[Items from a dataset]
☆ ☆ ☆

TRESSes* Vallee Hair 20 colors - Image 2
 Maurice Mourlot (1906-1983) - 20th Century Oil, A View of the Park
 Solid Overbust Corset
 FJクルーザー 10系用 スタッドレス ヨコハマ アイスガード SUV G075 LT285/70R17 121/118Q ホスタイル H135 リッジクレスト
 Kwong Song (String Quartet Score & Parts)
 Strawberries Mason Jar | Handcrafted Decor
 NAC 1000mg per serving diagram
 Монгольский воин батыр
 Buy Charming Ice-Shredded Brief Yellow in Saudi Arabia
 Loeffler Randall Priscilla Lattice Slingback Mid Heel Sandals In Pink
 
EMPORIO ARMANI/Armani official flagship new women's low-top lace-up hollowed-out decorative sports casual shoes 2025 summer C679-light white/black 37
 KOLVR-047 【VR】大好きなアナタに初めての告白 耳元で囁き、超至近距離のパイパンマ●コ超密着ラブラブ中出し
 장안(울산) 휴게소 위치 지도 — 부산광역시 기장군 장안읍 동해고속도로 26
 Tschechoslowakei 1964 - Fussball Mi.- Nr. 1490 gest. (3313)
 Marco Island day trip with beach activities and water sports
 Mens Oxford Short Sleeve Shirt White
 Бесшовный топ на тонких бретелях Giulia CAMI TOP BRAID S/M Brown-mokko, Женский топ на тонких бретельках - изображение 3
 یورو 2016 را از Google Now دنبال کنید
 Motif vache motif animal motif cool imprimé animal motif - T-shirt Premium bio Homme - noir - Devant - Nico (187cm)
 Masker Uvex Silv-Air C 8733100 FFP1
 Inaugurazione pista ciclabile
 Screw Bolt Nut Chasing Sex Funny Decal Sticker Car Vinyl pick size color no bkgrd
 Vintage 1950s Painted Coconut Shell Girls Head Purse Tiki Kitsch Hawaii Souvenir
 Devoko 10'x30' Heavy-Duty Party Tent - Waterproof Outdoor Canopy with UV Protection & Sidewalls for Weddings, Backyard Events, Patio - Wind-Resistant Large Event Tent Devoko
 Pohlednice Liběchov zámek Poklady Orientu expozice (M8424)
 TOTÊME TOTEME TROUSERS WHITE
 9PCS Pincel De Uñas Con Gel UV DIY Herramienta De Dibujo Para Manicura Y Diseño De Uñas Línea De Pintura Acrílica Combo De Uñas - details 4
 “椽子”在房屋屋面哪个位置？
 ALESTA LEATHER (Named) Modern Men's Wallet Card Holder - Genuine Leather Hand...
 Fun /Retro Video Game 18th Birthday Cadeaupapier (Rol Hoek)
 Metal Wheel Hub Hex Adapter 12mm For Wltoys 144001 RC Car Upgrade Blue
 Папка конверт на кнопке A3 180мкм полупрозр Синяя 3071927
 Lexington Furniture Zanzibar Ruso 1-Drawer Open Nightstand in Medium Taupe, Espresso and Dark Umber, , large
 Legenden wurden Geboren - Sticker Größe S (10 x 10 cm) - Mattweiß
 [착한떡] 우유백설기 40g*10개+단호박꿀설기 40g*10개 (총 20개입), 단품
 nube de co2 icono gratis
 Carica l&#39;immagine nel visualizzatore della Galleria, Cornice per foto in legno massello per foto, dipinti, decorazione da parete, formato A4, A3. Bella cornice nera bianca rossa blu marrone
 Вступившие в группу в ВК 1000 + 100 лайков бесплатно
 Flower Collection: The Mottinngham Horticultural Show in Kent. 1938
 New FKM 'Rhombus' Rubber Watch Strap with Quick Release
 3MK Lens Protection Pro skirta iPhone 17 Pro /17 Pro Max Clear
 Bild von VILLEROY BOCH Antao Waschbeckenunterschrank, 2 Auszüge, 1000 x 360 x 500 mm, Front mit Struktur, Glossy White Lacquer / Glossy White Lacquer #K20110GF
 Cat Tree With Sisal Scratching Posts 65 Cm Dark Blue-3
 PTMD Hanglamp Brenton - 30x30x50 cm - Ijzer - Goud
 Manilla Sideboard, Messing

☆ ☆ ☆

Restate word for word the lines above, beginning at the first one and ending at the line that carries "Loeffler Randall Priscilla".

**RESULT FOR THIS TASK:**
TRESSes* Vallee Hair 20 colors - Image 2
 Maurice Mourlot (1906-1983) - 20th Century Oil, A View of the Park
 Solid Overbust Corset
 FJクルーザー 10系用 スタッドレス ヨコハマ アイスガード SUV G075 LT285/70R17 121/118Q ホスタイル H135 リッジクレスト
 Kwong Song (String Quartet Score & Parts)
 Strawberries Mason Jar | Handcrafted Decor
 NAC 1000mg per serving diagram
 Монгольский воин батыр
 Buy Charming Ice-Shredded Brief Yellow in Saudi Arabia
 Loeffler Randall Priscilla Lattice Slingback Mid Heel Sandals In Pink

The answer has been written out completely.